[Saved entries]
+--

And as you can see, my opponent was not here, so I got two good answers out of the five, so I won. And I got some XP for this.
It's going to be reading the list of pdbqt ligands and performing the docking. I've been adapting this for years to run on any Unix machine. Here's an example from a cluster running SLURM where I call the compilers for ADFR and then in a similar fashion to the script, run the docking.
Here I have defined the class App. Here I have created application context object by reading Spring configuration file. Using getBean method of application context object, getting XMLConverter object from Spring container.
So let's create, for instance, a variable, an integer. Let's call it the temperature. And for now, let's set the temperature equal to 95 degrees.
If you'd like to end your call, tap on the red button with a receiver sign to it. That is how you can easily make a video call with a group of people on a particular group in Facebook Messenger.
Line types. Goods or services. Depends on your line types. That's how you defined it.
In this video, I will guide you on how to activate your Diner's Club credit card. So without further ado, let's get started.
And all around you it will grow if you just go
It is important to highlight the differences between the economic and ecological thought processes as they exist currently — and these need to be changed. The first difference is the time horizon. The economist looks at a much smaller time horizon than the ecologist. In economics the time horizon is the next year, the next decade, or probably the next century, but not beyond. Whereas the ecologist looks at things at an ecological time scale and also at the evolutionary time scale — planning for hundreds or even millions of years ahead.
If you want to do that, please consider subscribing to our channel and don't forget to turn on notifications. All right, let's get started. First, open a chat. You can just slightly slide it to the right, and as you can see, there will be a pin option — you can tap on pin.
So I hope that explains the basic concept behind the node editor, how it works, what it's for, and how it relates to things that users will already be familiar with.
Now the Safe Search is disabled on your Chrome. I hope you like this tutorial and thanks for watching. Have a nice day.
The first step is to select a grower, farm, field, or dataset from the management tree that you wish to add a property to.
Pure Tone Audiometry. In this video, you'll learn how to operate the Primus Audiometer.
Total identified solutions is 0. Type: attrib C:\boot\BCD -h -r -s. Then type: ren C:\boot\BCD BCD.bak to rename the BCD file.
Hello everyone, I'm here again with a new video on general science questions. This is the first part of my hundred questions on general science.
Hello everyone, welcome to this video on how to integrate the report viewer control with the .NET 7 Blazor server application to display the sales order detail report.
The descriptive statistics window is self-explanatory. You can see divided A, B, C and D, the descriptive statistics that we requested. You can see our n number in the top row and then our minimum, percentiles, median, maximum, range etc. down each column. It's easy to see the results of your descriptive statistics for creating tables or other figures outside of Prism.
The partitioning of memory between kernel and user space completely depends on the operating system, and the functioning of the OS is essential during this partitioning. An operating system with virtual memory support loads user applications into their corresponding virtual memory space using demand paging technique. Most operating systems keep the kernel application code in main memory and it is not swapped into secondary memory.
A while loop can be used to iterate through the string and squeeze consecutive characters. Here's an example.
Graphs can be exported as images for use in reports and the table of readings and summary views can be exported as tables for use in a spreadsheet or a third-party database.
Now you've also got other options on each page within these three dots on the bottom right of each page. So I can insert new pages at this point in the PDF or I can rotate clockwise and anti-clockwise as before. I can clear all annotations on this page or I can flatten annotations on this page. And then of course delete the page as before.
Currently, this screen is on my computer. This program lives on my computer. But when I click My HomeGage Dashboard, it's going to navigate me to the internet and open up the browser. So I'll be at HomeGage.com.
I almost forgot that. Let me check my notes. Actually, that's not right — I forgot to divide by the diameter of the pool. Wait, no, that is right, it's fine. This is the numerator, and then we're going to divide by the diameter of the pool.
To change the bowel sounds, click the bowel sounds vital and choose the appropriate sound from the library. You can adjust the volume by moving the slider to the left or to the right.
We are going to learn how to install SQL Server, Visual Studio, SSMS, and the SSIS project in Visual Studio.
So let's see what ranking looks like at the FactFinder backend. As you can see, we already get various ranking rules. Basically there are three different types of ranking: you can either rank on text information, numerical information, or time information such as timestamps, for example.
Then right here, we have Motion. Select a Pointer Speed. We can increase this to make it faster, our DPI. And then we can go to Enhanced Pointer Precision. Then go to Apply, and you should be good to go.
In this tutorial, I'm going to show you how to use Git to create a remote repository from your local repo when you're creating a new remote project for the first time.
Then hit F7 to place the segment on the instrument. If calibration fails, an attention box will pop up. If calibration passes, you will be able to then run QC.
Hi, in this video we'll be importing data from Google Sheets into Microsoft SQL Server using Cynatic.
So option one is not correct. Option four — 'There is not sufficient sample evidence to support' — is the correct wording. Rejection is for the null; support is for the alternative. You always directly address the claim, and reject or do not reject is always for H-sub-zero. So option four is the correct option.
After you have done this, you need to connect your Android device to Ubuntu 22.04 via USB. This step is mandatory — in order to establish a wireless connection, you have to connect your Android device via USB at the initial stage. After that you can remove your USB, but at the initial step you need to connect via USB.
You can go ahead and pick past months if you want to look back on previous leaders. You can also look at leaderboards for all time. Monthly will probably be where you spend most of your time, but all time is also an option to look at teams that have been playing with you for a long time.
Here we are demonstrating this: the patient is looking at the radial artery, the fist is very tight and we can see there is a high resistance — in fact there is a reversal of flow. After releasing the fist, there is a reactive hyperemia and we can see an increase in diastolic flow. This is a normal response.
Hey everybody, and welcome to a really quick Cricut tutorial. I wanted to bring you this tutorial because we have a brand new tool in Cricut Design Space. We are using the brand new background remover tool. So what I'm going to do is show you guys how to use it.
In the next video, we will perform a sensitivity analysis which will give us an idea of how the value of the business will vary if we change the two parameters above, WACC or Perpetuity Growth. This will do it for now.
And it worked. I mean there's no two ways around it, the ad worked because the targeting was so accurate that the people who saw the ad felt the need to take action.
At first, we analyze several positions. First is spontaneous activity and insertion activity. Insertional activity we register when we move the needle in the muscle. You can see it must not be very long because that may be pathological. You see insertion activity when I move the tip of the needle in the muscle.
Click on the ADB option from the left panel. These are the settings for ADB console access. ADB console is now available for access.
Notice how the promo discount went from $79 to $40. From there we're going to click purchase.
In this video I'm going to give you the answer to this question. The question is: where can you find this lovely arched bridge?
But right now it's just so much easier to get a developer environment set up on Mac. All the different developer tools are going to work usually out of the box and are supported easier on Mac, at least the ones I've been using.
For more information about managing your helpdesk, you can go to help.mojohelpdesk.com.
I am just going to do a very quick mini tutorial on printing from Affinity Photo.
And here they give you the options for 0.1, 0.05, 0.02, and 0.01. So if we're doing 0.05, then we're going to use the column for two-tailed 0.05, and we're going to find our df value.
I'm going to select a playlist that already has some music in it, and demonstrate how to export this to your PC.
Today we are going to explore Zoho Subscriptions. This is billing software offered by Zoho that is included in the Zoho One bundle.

+--

The lines holding the word "already" are the answer. Pull them out of the records and copy them.

- Output of the exercise -
So I hope that explains the basic concept behind the node editor, how it works, what it's for, and how it relates to things that users will already be familiar with.
So let's see what ranking looks like at the FactFinder backend. As you can see, we already get various ranking rules. Basically there are three different types of ranking: you can either rank on text information, numerical information, or time information such as timestamps, for example.
I'm going to select a playlist that already has some music in it, and demonstrate how to export this to your PC.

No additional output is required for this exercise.